ーーマットさん自身がアーティスト/ユーザーとして、Spotifyを使用して感じることは?

Matt Cab:僕が10代の頃はまだSpotifyがなく、その頃はあまりお金を持っていなかったのでアルバムを買う時はどのCDを買うかすごく悩んだ記憶があります。でも、今はSpotifyのおかげでそういうこともなくなり、みんなが自由に色々な音楽を吸収できるようになったことは大きいと思いますね。

 その影響もあって、最近だと10代~20代の若いアーティストがセッション時に20年前の曲を参考曲として提出してくることも少なくありません。そういった昔の曲から若い世代が音楽のことをしっかりと学べる環境が整っているのはすごく良いことだと思っています。また、近年は海外でも日本のシティポップが人気になっていますが、ストリーミングがなかったらそういう音楽にすぐにアクセスできないので、今のような状況にはなっていないと思いますね。
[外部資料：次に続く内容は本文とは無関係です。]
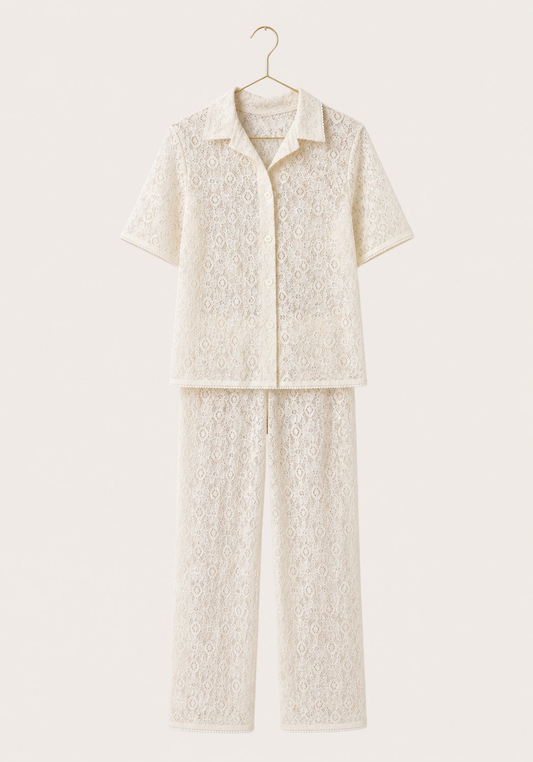 Pajamas: Full Dantel Collar Button Long Sleeve Top And Pants (100% Premium Cotton)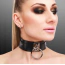 Нашийник Kinky Diva Collar Me! O-Ring Collar, чорно-срібний - Фото №5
 それと機能面では自分が好きな曲やプレイリストをすぐにSNSでシェアできるところが気に入っています。特にプレイリストは、そこで聴いた自分の知らない曲が気に入ったらそのアーティストを調べたりもしますし、それをシェアすることで音楽を通じて会話ができる感じがあるというか、音楽の好みが広がっていくところが良いですね。

海外と日本とのブリッジをもっと作っていきたい

Matt Cab(写真=西村満)

ーーこれまではプロデューサーやソングライターは、アーティストに比べて注目される機会が少なかったと思います。最近では『Works』のようなプレイリストが公開されるなど全体の雰囲気は以前よりも改善されてきましたが、このような状況をどう捉えていますか?

Matt Cab:昔はアルバムのライナーノーツを見て、どんなプロデューサーが参加しているかなどを調べていましたが、『Works』のようなプレイリストの登場やストリーミングサービス上での楽曲クレジット表示などのおかげでより簡単に情報にアクセスできるようになったと思います。それと曲を提供する側としては、アーティストのファンに「このプロデューサーやソングライターが参加していたからこういうサウンドになった」ということが伝わりやすくなったのもありがたいです。

 また最近のアメリカでは、プロデューサーやソングライターにも注目が集まる機会が増えましたが、そういった環境をもっと日本に広げていきたいと思って、今年始めたのが「UBER BEATS」というプロジェクトです。このプロジェクトでは、僕が用意したサンプルとアカペラをいろいろなプロデューサーたちに送って、新たにビートを作ってもらうのですが、これを通じて参加してくれたプロデューサーたちにも注目が集まるようになれば嬉しいです。

4人の音楽プロデューサーが同じネタで料理する「UBER BEATS」EPISODE 1

ーー最後にマットさんの今後の展望を教えてもらえますか?

Matt Cab:イノベーションというか、音楽でこれまでなかった新しいアイデアを生み出してみたいです。そのために音楽をツールとして使いながら、他のコラボレーターとたくさんセッションする。そうすればオリジナルなものが生まれる気がします。

 あとは今はコロナ禍が落ち着き出している気がするので、今後は海外と日本とのブリッジをもっと作っていきたいです。それで音楽を通じていろいろな人と会話ができるようになればみんなが成長できると思うし、僕はそのためのコミュニケーションを繋ぐハブになりたいです。